WIDE-RANGING reforms designed to bear down on kleptocrats, organised criminals and terrorists looking to abuse the UK’s open economy have been introduced to Parliament by the Conservative Government. The Economic Crime and Corporate Transparency Bill will strengthen the UK’s reputation as a place where legitimate businesses can thrive, while in parallel driving dirty money out of the nation.
Through the package of reforms, anyone who registers a company in the UK will need to verify their identity, which then tackles the use of companies as a front for crime or foreign kleptocrats.
The reforms to Companies House – representing its biggest upgrade in 170 years, in fact – will also see the organisation armed with new powers to check, challenge and decline incorrect or fraudulent information, in turn making it a more active ‘gatekeeper’ over company creation.
Investigation and enforcement powers of Companies House will also be upgraded, thereby enabling the organisation to cross-check data with public and private partners, as well as reporting suspicious activity to security agencies and law enforcement bodies.
The Economic Crime and Corporate Transparency Bill will also help to prevent the abuse of limited partnerships – including those registered in Scotland for money laundering and other nefarious purposes – by tightening registration and transparency requirements for these entities.

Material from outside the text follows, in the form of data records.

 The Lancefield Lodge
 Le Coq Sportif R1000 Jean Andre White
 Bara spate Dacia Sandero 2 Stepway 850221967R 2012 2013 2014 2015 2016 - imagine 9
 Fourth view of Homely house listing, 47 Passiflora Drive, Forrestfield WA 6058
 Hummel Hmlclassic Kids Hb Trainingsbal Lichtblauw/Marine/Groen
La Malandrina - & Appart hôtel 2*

Law-abiding businesses and investors across the UK will benefit from simplified filing requirements and a more reliable companies register to inform business and lending decisions. The reforms are specifically designed to ensure that small business owners, consumers and the public are better protected from fraudulent use of their identities and addresses.
End to exploitation
Business Secretary Jacob Rees-Mogg said: “We want the UK to be the best place in the world to invest and start a business, but we must not allow this openness to be exploited by fraudsters misusing the identities of innocent people or corrupt elites attempting to disguise their dodgy dealings.”
Rees-Mogg continued: “This historic Bill will equip Companies House and law enforcement with the tools they need to root out criminals attempting to hide their activities without burdening law-abiding companies with unnecessary bureaucracy. Above all, via strict enforcement measures, we are telling investors that the UK is open for legitimate business only.”

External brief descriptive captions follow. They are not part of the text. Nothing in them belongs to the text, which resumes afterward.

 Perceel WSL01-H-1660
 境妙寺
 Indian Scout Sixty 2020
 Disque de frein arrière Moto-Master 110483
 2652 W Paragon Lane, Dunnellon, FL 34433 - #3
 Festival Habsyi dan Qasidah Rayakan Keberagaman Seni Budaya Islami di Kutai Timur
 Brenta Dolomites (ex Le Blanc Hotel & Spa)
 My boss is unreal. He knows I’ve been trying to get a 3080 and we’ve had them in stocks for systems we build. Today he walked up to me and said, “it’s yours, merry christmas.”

Home Secretary Suella Braverman stated: “The UK is no home for dirty money. The Government has taken unprecedented action to prevent kleptocrats and organised criminals from abusing our open economy and this Bill will go even further. Through this Bill, we are affording our law enforcement agencies greater powers and intelligence capabilities to remain one step ahead of those criminals intent on keeping their corrupt assets out of reach.”
Security Minister Tom Tugendhat explained: “As the former chair of the Foreign Affairs Committee, I commended the Government on the swift legislative action it took on dirty money following the invasion of Ukraine, but I implored them to go even further. I’m delighted that we are introducing reforms that will make it much harder for kleptocrats to shield their ill-gotten gains and treat the UK as their safe deposit box. I’m committed to delivering this vital piece of legislation that strengthens our fight against economic crime.”
Law enforcement will also benefit from greater powers to compel businesses to hand over information which could be related to money laundering or terrorist financing. Red tape around confidentiality liability will be eased to enable businesses to share information in order to more proactively prevent and detect economic crime (including fraud and sanctions evasion).
The new law will make it easier and quicker for law enforcement agencies such as the National Crime Agency to seize, freeze and recover cryptoassets – the digital currency increasingly used by organised criminals to launder profits from fraud, drugs and cyber crime.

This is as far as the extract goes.